While I do not question the freedom in which Mr. Assange is acting, even if the information he is exposing online is illegally obtained, the freedom itself doesn't make the effort praiseworthy. Does Mr. Assange really think governments should not have dirty little secrets? Does he, furthermore, believe that the chiefly ignorant herd of humanity, who largely cannot appreciate the context for anything WikiLeaks reveals because they have no basis for context, deserves to know the dirty secrets of governments? Does he feel he is doing the world a service with his expression of freedom?
That strikes me as rather naive. Mr. Assange is like a child watching mommy and daddy do nasty things in the bedroom, taking pictures and posting them on the web. WikiLeaks is in that caliber of "information".
But WikiLeaks is simply symptomatic of a larger force at work in the world media. The force of the ever-expanding public sphere. (More on that in my conclusion.) The affair is comparable to the revelation of off-hand remarks by former Afghan War General Stanley McChrystal in the second-rate article that brought about the general's demise.
The sensational, the secret, the scandalous have always fascinated the public. It is a big part of human nature to be attracted to that which it wasn't intended to know. You know this is true. It reveals as much about who we are as the quest for liberty or salvation or enlightenment. Human beings are homo gossipus. We are especially attracted to "dirty laundry." Our essential nature is not much more elevated than that. Sorry Aristotle.
I cannot think of anyone who represents this tabloid nature of humanity than Julian Assange. And for that reason he deserves to be Person of the Year. He reflects a basic human aspiration; to know the secret, to eat of the "forbidden Tree of Knowledge" and to proclaim this act of knowing to be in and of itself a kind of liberation, a basis for protest, perhaps, and certainly giving the finger to authority.
The whole notion of freedom seems to me to be predicated as much on resisting authority, testing limits, and accessing facts regardless of the larger consequences. Indeed, it is the infliction of authority, the establishment of limitations, and the barriers to a kind of knowledge completely free of all responsibility that defines where absolute freedom ends and begins.
So, here's to Julian Assange, adolescent rebel against the parentage of classified government and corporate intelligence. Stomping his cyber feet and pitching a cyber fit in his glorious cyber expression of cyber freedom. The ultimate example of feeding the herd what it wants most. The massive dumping and ejaculation of information without context in an effort to elevate us all to the point where nothing is secret.
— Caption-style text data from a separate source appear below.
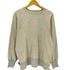 グラッドハンド GLADHAND AKOM - SWEAT 10.7Oz GUSSET ACTION SLEEVE 10.7オンス ゲスト アクション ダメージ加工 ラグランスリーブスウェット トレーナー メンズ M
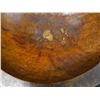 Image 9 : Large Vintage Wooden Kava Bowl 21" Dia, 5.75"H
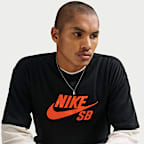 Nike SB Men's Logo Skate T-Shirt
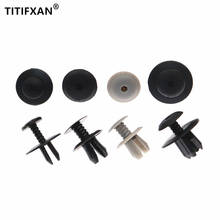 20 pçs auto tronco tapete forro guarnição cilp para vw santana jetta passat tiguan sagitar magotan b7l golfe 6 cc tapete prendedor 2024 - compre barato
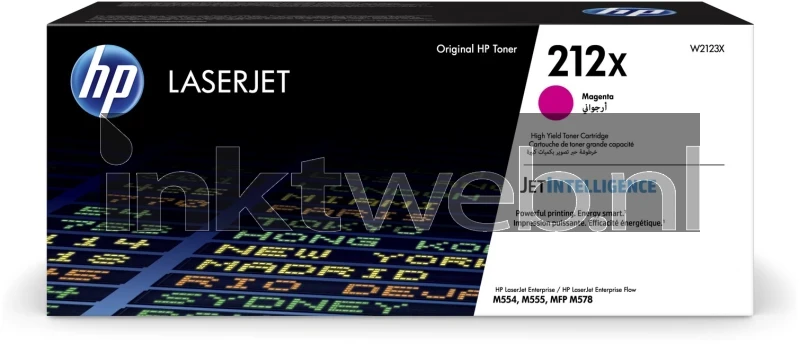 HP 212X magenta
As the infringement on human privacy accelerates unabated, so does the yawning abyss of the public sphere open ever-wider to devour anything that any entity, public or private, wishes to keep to themselves. And the boundary of what is a Self (personal, corporate, government) dissolves into the great waste of collective things we desire to know without being any better for it.
Late note: Five days after this post Mr. Assange was arrested for rape and his web site is experiencing extraordinary difficulties staying online due to hack-attacks, which has led to counter-hacker activity, a kind of cyber war. Credit card companies and Paypal are now refusing to facilitate donations to Wikileaks. Mr. Assange has been denied bail in his arrest. Oh well, he asked for it.